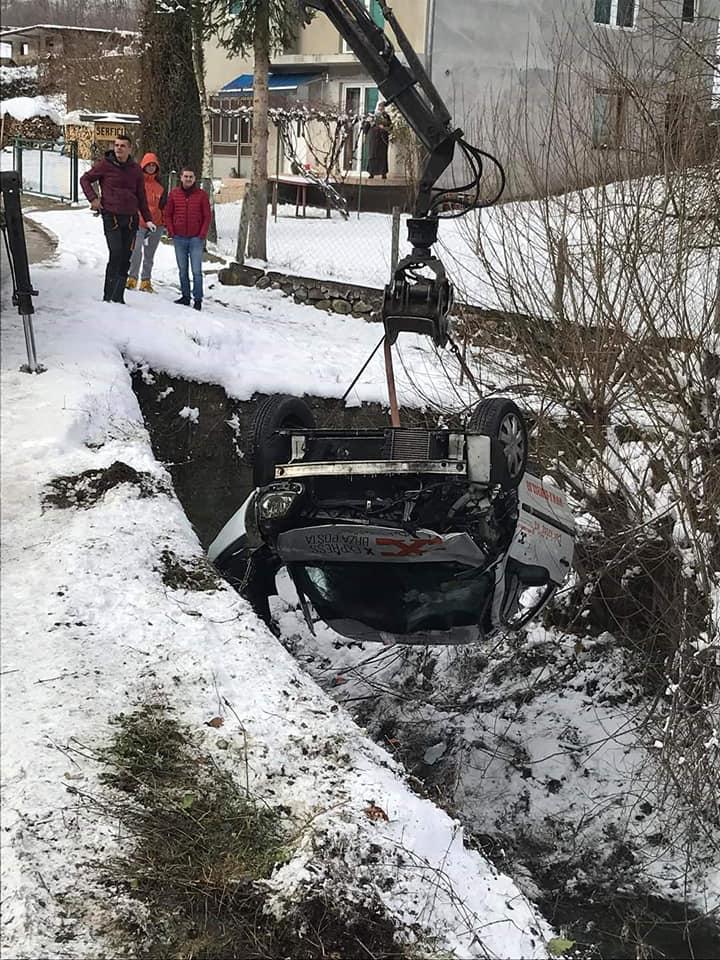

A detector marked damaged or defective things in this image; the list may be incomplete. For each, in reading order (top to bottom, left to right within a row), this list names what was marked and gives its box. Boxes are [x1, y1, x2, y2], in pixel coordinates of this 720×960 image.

shattered windshield [286, 560, 496, 632]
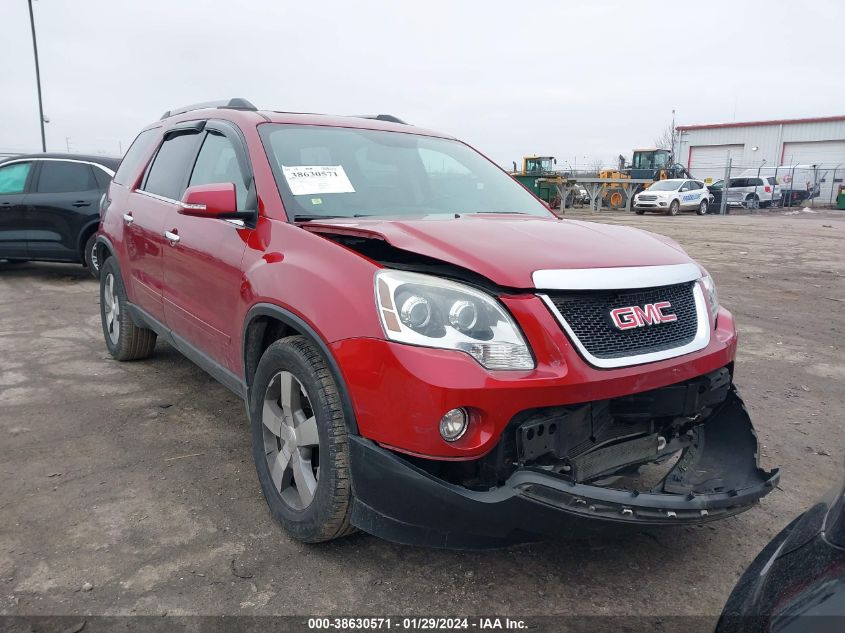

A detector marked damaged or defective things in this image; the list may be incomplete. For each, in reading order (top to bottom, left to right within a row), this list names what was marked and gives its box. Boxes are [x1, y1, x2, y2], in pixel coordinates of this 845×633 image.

damaged front bumper [348, 372, 780, 544]
cracked bumper cover [348, 388, 780, 544]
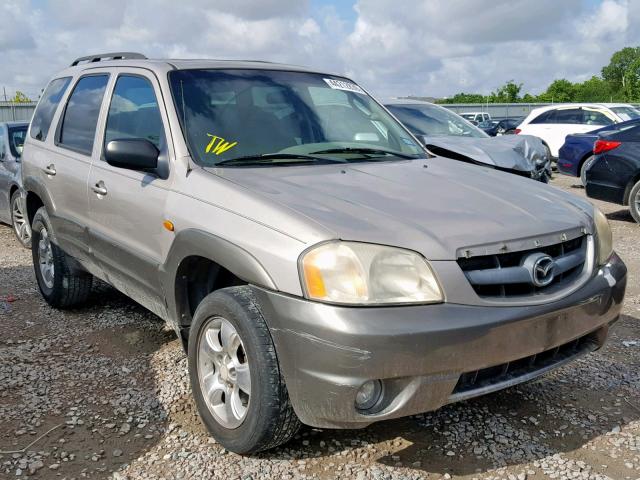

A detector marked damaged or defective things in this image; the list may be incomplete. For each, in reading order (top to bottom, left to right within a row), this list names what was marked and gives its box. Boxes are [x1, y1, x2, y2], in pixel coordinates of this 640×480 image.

damaged white vehicle [384, 99, 552, 182]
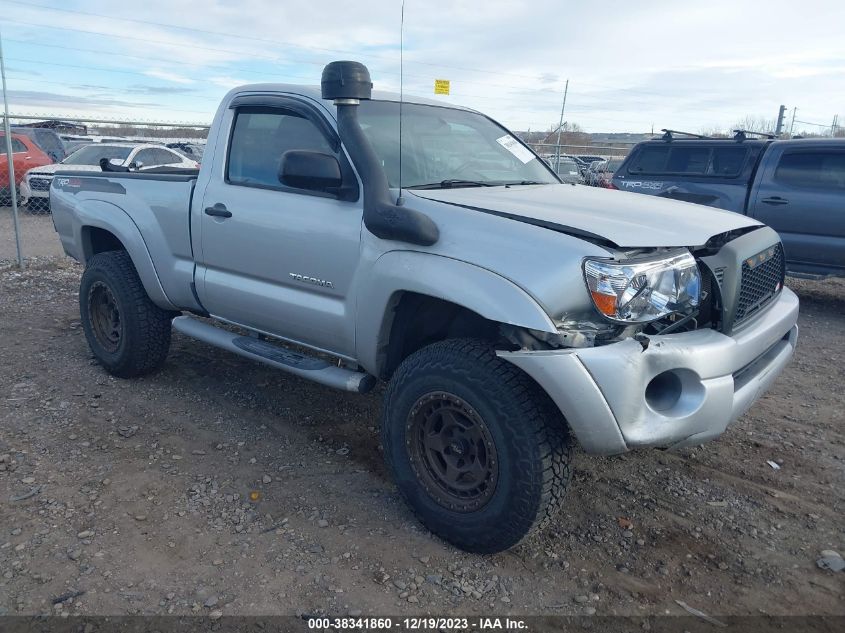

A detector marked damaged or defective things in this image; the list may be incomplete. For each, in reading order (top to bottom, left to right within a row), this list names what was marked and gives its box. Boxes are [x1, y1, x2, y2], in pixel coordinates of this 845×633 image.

crumpled hood [412, 183, 760, 247]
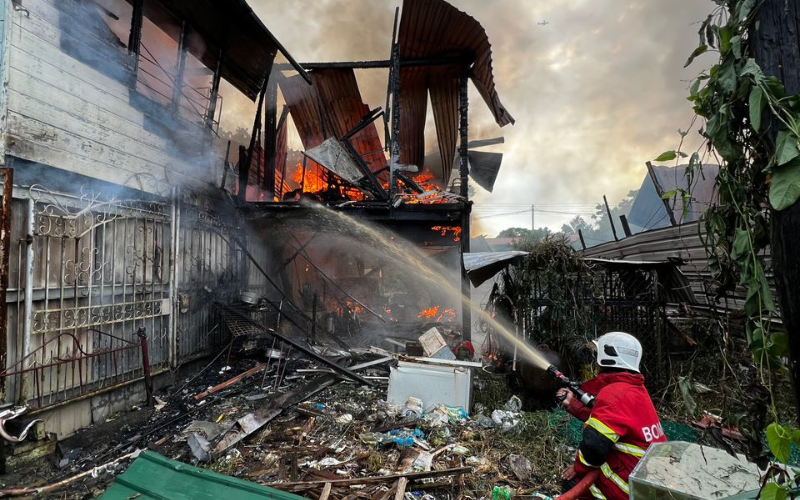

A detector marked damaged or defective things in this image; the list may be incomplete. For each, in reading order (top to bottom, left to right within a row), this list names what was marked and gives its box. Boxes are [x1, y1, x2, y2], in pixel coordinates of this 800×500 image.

rusty metal roofing [152, 0, 308, 101]
rusty metal roofing [396, 0, 516, 129]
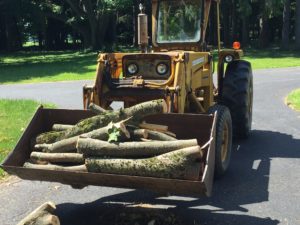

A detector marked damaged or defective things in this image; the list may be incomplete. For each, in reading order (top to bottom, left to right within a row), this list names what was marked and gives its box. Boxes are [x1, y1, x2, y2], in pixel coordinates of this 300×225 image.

rusty metal bucket [0, 106, 216, 196]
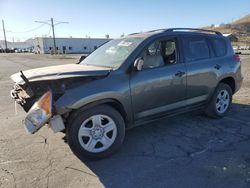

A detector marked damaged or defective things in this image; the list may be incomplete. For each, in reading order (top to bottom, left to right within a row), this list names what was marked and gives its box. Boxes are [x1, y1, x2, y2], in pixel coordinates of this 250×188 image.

cracked headlight [23, 90, 52, 134]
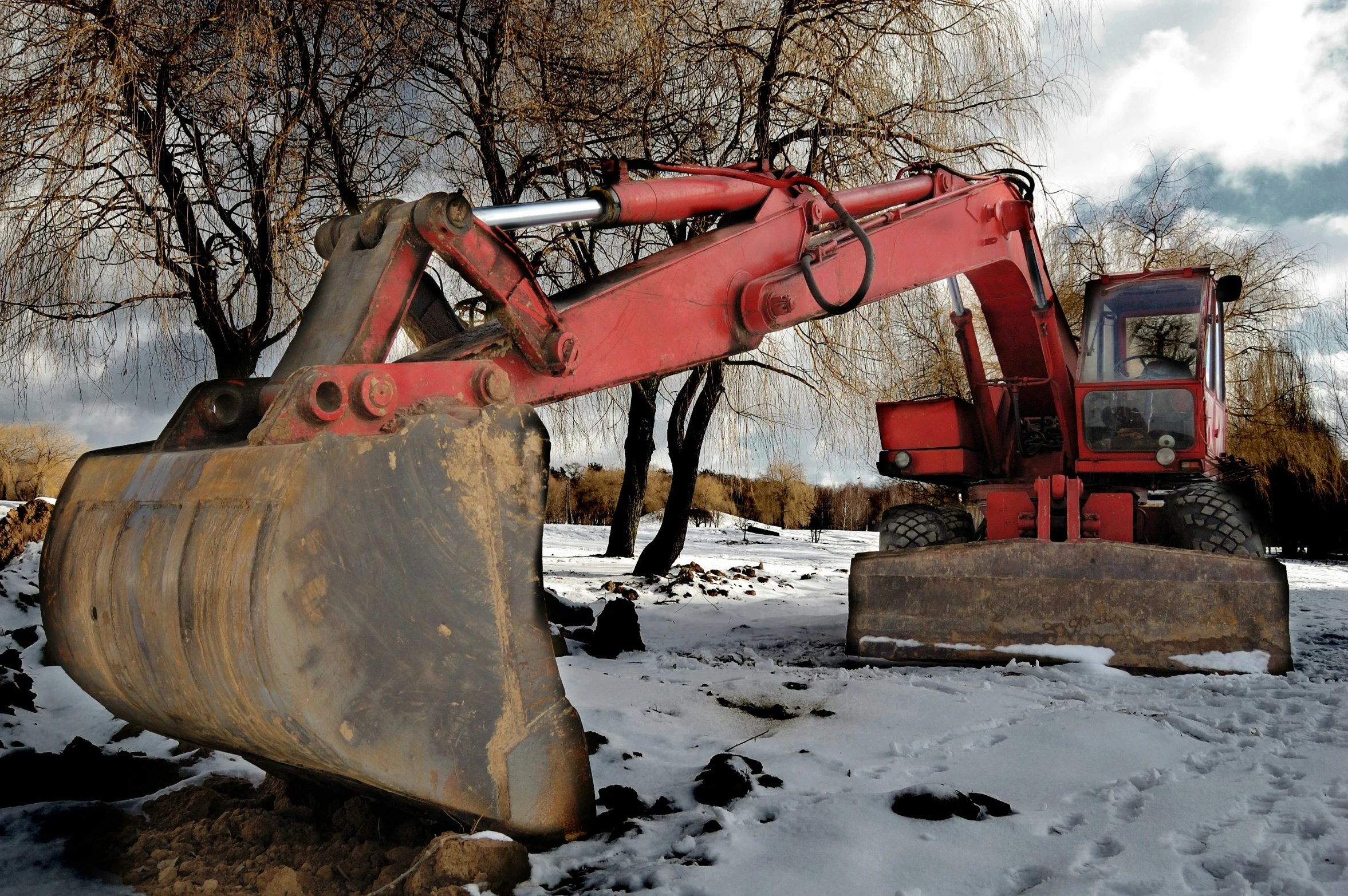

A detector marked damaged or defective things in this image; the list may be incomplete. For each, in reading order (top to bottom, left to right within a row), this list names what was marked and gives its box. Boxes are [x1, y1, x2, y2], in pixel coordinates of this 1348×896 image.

rusty dozer blade [39, 409, 596, 840]
rusty dozer blade [846, 539, 1288, 670]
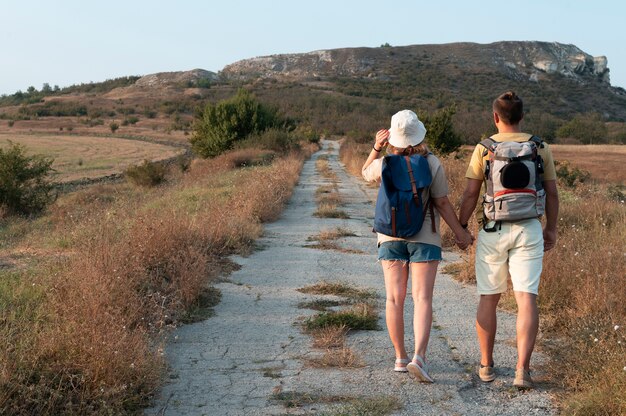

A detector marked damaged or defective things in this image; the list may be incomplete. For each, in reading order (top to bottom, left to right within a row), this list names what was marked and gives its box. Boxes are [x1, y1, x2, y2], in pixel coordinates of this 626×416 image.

cracked pavement [144, 141, 552, 416]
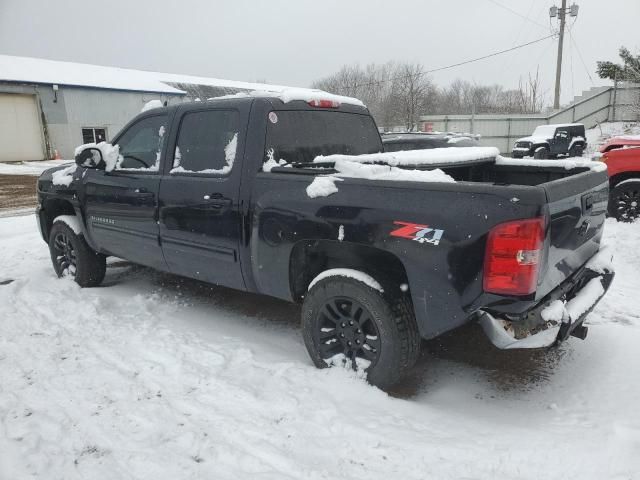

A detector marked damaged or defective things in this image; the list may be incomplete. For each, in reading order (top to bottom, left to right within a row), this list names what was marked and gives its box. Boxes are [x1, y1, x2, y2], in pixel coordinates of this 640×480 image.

damaged rear bumper [478, 248, 612, 348]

▶ Problem: Can you repeat every record above exactly, apart from the pictures?

▶ Answer space:
A detector marked damaged or defective things in this image; the list may be incomplete. For each, in reading order (top to bottom, left to right within a row), this list names what was marked and gives its box. Boxes are [x1, y1, x2, y2], in pixel coordinates of this 720×960 image.

shattered windshield [286, 560, 496, 632]

A detector marked damaged or defective things in this image; the list may be incomplete. For each, in reading order (top to bottom, left to right within a row), this list names what was marked and gives its box. Boxes are [x1, y1, x2, y2], in pixel coordinates of this 845×633 image.

damaged front bumper [348, 372, 780, 544]
cracked bumper cover [348, 388, 780, 544]

A detector marked damaged or defective things in this image; the list may be incomplete. For each, in reading order (top to bottom, left to right within a row), this list names what was marked and gives its box. Boxes are [x1, y1, x2, y2], in pixel coordinates of this 640×480 image.

damaged white vehicle [384, 99, 552, 182]

A detector marked damaged or defective things in this image; the list may be incomplete. For each, in reading order (top to bottom, left to right within a row), this list names what was marked and gives its box. Boxes are [x1, y1, x2, y2], in pixel coordinates of this 845×633 image.

crumpled hood [412, 183, 760, 247]

A detector marked damaged or defective things in this image; the list may be incomplete. For each, in reading order (top to bottom, left to right within a row), this list names what was marked and gives its box. Boxes are [x1, y1, x2, y2], in pixel coordinates of this 800×500 image.

rusty metal roofing [152, 0, 308, 101]
rusty metal roofing [396, 0, 516, 129]

A detector marked damaged or defective things in this image; the list may be incomplete. For each, in reading order (top to bottom, left to right within a row), this list names what was marked and gives its box. Boxes are [x1, y1, x2, y2], in pixel coordinates of this 300×225 image.

rusty metal bucket [0, 106, 216, 196]

A detector marked damaged or defective things in this image; the list may be incomplete. For each, in reading order (top to bottom, left to right within a row), this list names what was marked and gives its box. Boxes are [x1, y1, x2, y2], in pixel coordinates of this 250×188 image.

cracked headlight [23, 90, 52, 134]

A detector marked damaged or defective things in this image; the list may be incomplete. For each, in reading order (top to bottom, left to right within a row), this list names what was marked and gives its box. Boxes are [x1, y1, x2, y2], in pixel coordinates of this 1348×896 image.

rusty dozer blade [39, 409, 596, 840]
rusty dozer blade [846, 539, 1288, 670]

A detector marked damaged or defective things in this image; the list may be incomplete. For each, in reading order (top to bottom, left to right within a row), this list names what was marked and gives its box. Boxes are [x1, y1, x2, y2], in pixel coordinates of this 626×416 image.

cracked pavement [144, 141, 552, 416]

A detector marked damaged or defective things in this image; the list may be incomplete. For each, in reading order (top to bottom, left to right within a row), this list names what was marked and gives its box. Boxes are [x1, y1, x2, y2], in pixel coordinates of this 640×480 image.

damaged rear bumper [478, 248, 612, 348]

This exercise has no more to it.